Bias and phishing: How machine learning can protect us

Egress DPO Kevin Tunison shares how to address the difficult (and often overlooked) issue of bias and cybersecurity.

Thought leadership

Bias exists in every facet of our lives and is a significant challenge when developing AI/machine learning systems, specifically unconscious bias. In this post, I’ll share some of the challenges from a data governance viewpoint on how to address this difficult (and often overlooked) aspect of machine learning systems.

Understanding unconscious bias

Our bias (that we communicate knowingly or not) is a key factor we need to recognize and look out for if we are to build and maintain trust in reducing risk in the human layer.

First, let’s start with some examples of unconscious bias.

You could point to instances of ‘microaggressions’ as an example of unconscious bias. This is where unintended comments show prejudice to a marginalized group.

We can also take a more quantitative approach. Consider the number sequence 2, 4, and 6. If you were asked to guess the next numbers, most of us would generate 8, 10, 12, and so on. This precondition is entirely valid, but the only rule we can state as a fact is that the numbers increase in value. So, the next number in that sequence being a 7, 9, or 11 is just as plausible. We have simply assumed the undefined rules are defined. This is an unconscious bias in action.

So, you can see how unconscious bias forms a part of our everyday lives; the next question is whether we can use technology to combat these unconscious biases when it comes to data security.

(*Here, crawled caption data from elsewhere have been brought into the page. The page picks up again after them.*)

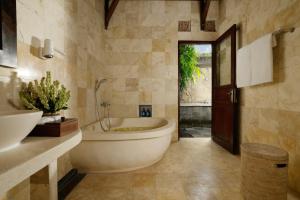 Biệt Thự Có Hồ Bơi Riêng (Villa with Private Pool)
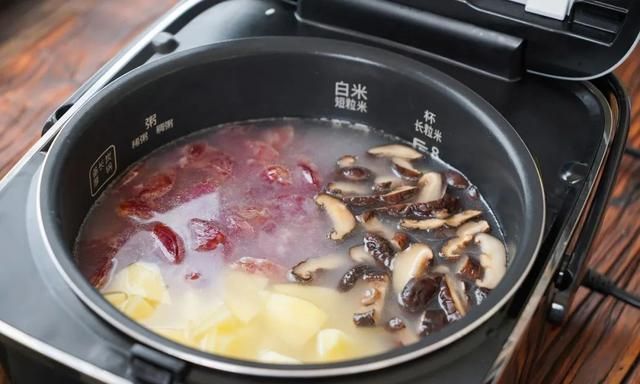  煲仔饭|如何用电饭煲做一锅有肉有菜有蛋的煲仔饭？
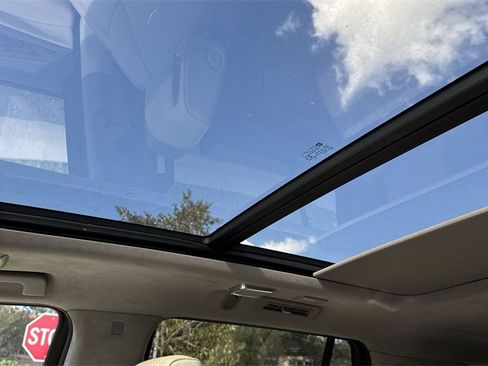 Used 2021 Cadillac Escalade Sport Platinum w/ Heavy-Duty Trailer Package image 53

We can indeed – but first we need to trust it.

Trust in technology

Trust has always been one of the defining features of being human. Trust (and distrust) has been a fundamental tool in our survival. While we have come a long way as a society, we continue to rely on trust to navigate our lives – and nobody likes being taken advantage of.

Every technological innovation has been met with a healthy dose of cynicism and distrust. For example, it was once thought that traveling on trains going faster than 50mph would cause all sorts of problems for the human body. Everything from organs flying out to whole bodies melting – and we can now look back and laugh at this!

Similarly, fears arose as we introduced automobiles, telephones, flight, computers, mobile phones, space travel… and the list could go on. Fear-driven mistrust is always a popular talking point.

How is trust in tech gained and broken?

Our disposition to trust builds gradually over time. The more frequently we see others navigating new technology safely, the more we build trust through verification of the following factors:

  • Accuracy
  • Reliability
  • Resiliency
  • Security
  • Safety
  • Accountability
  • Privacy

This isn’t to say we should assume that once we have trust in something it cannot be broken. As a reader of this article, you will be familiar with technological incidents (whether that is hacking, cyber espionage, ransomware, etc.) that force us to re-evaluate our trust in computing.

In fact, it is our trust that creates a key risk in AI/machine learning. If that system we have become reliant on is no longer available, we will likely lack either the know-how or experience to take the controls. Ask yourself how many people you know that change the tyres and oil with their own cars these days compared to 40 years ago. A car breakdown likely results in a third party for recovery.

The point is, we have accepted these changes and have now entrusted those third parties so we can spend more time doing things that matter. We can do the same thing with data security.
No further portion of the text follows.